What to produce:
Wherever the listing holds a picture, leave it out, and copy the remainder exactly.

Dataset excerpt:
....................
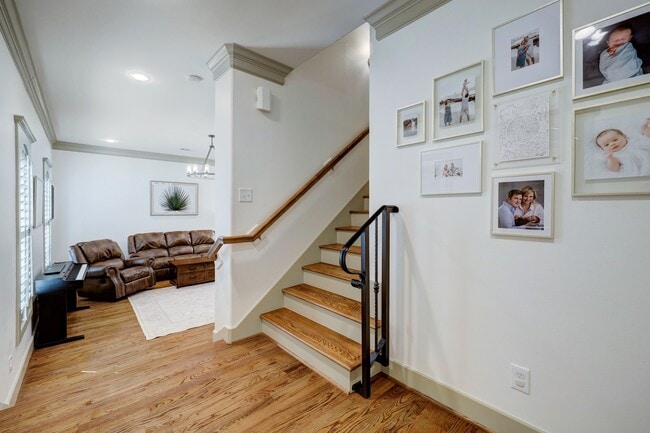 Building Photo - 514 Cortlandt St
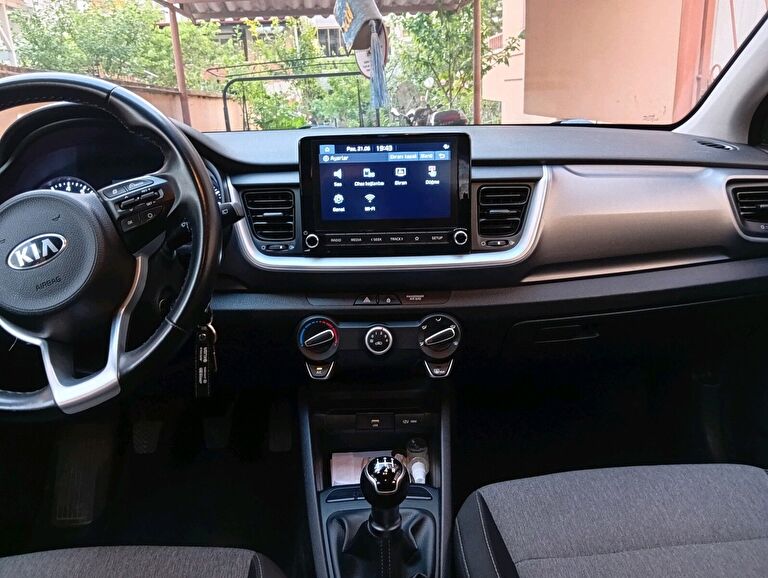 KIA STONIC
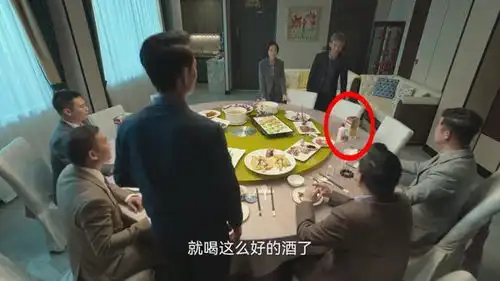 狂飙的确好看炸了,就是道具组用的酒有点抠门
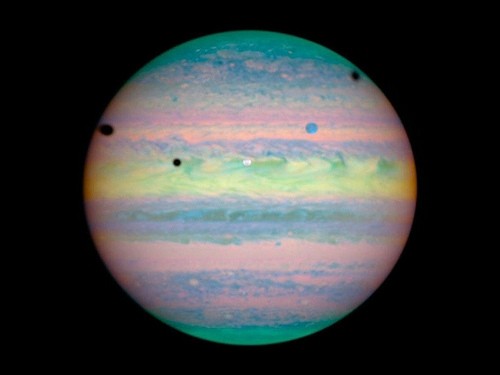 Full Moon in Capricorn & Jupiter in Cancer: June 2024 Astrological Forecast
....................
Response area:
 Building Photo - 514 Cortlandt St
 KIA STONIC
 狂飙的确好看炸了,就是道具组用的酒有点抠门
 Full Moon in Capricorn & Jupiter in Cancer: June 2024 Astrological Forecast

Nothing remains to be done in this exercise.